I promised her I wouldn’t, but something told me I should go anyhow. As it went, I did as I was told. I worked to distract myself. It is a strange feeling to draw in walls and ceilings to new buildings that may not be built for a couple of years, very possibly with no more Bootsie in the world. Life has an entirely different perception when looking at the yin and yang…or am I using the wrong verbiage? Just the idea of life going on, it seems like life is so cold and unrelenting never caring about the life and loses we experience? Nonetheless, it does and I need to commit to my end. Geez that sounds formidable.

I had to do a checklist and walk-through at 10am that should consume a few hours. I got to the site at high noon and my God it was hot. I had on a pantsuit and heels which I changed to sneakers, tennis shoes, trainers, whatever. The men were huddled in small masses around the property and I regretted at once showing up when they had time on their hands. I was 15 or so years younger than I am now and I attracted my share of attention.
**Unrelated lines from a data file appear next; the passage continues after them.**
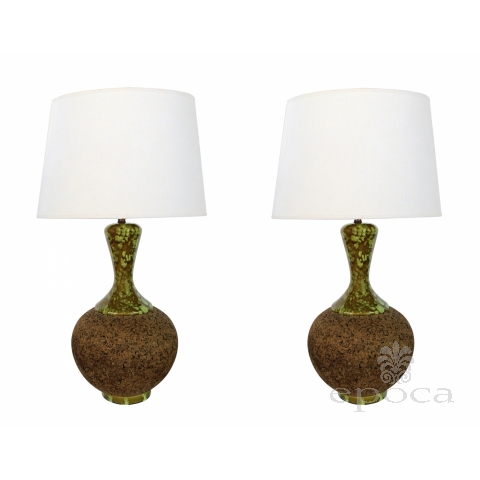 Massive Pair of 1960's Cork Lamps with Mottled Olive-Green Ceramic Mounts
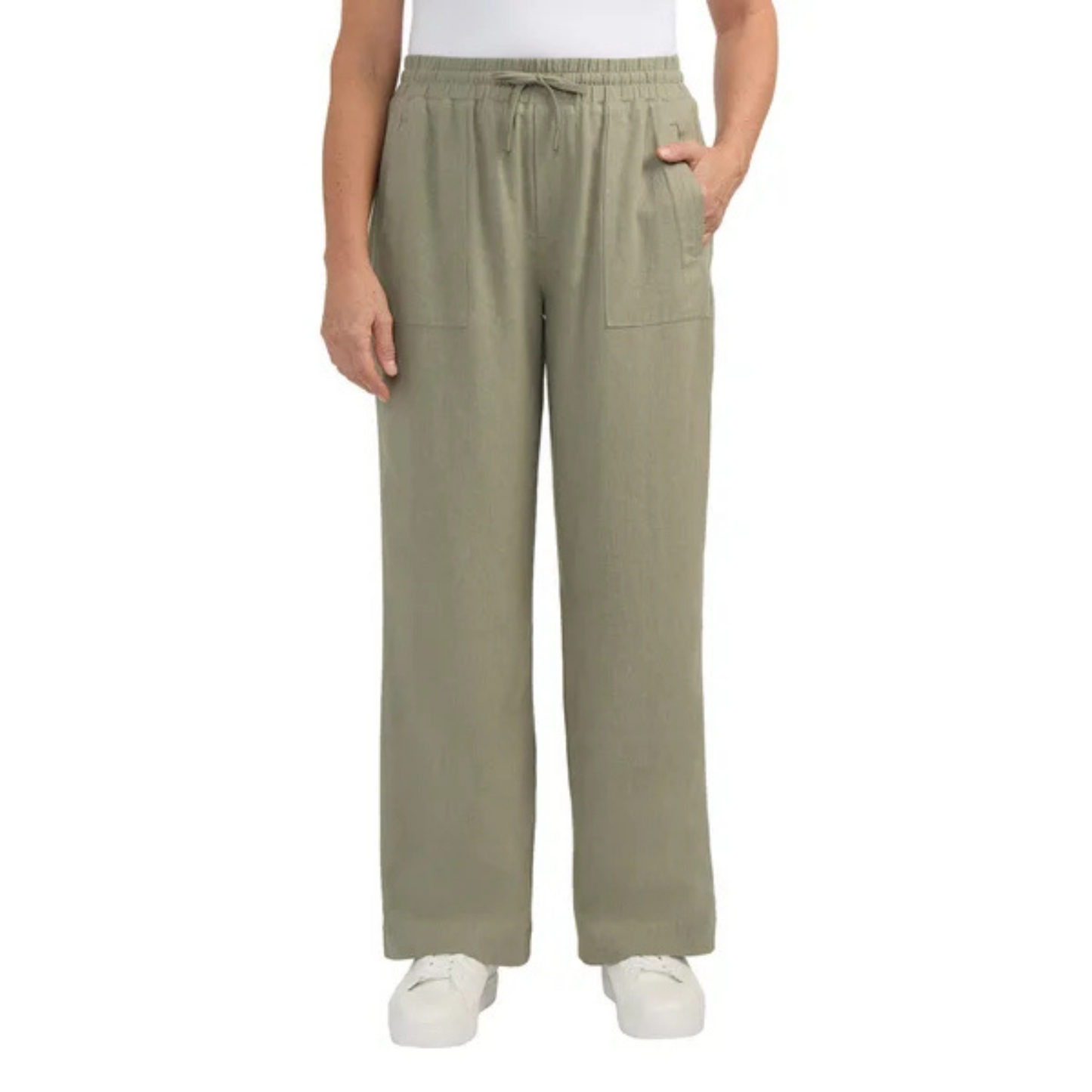 FRANK. BY FRANK AND OAK - Pantalon pour Femme-WOMEN'S-PANT-LINEN-LIN-VERT-GREEN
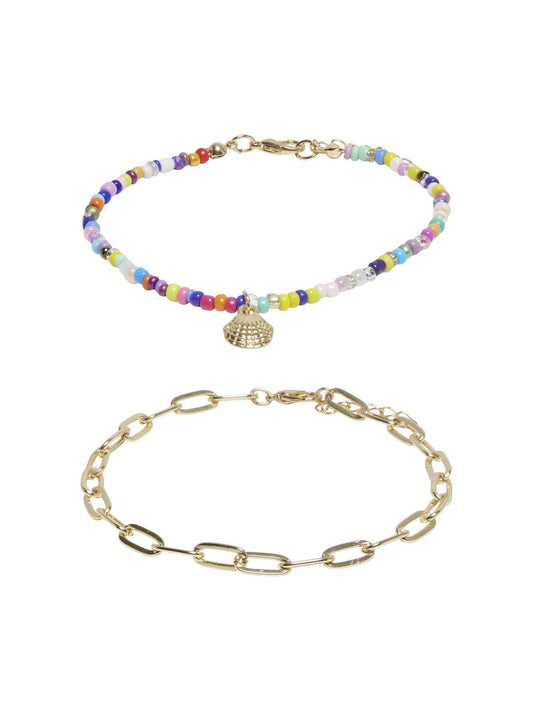 2- Pack Anklet - Multicoloured beads / Gold shell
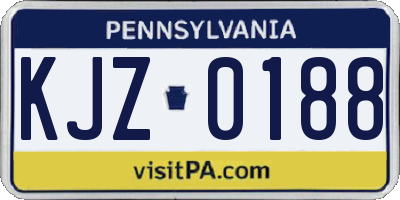 PA license plate KJZ0188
Add to the fact they saw few if any females throughout the day. On the positive side, they would be available when I needed attention to details. But today, I didn’t find any, because, frankly, I didn’t want to. But it didn’t stop the haranguing and it took me a bit longer to break loose. I knew it would be regrettable if there were problems and I prayed there weren’t but made a mental note to maybe take a second (or third) walk-through within the month.

Bootsie’s surgery would be at 11am and she promised me that someone would call me with the news. But by 3pm I heard nothing, so I called. Her voice sounded amazingly upbeat.
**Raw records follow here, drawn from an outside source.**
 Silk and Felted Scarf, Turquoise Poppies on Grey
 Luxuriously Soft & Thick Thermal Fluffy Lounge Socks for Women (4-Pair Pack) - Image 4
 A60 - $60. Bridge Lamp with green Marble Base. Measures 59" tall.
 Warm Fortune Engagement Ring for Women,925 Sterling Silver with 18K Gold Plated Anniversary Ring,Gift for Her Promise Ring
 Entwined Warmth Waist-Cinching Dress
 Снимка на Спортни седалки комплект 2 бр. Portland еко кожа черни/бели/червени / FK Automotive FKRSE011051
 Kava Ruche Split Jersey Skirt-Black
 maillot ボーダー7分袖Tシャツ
“Di, I came out of surgery with a colostomy bag…can you frickin believe it? I have to carry a bag of shit around with me!”

As humorous as that sounded, it was really her way of downplaying the awful truth. I asked her point blank what the diagnosis and treatment were. She said they removed the tumors along with huge lengths of intestine but she was in end stage cancer. I swerved in traffic almost hitting a car of teenagers. I thought it best that I veer off the highway and stop. I found a parking lot, pulled in and I got out of my car. There was a small building with several steps leading to the lobby. I perched there. I bent over, phone in hand, my hair covering my tears. I could see how alarming I looked in the people’s eyes leaving the building, trying to look away, but just falling short. Bootsie delivered this news like she was relaying weather conditions. I didn’t know what to say or do. I wanted her to cry so I could comfort her. Instead she comforted me. Soon she tired and I hung up with the promise of seeing her the next day, but she said she would be out and home. Modern medicine. How could they let her out so soon?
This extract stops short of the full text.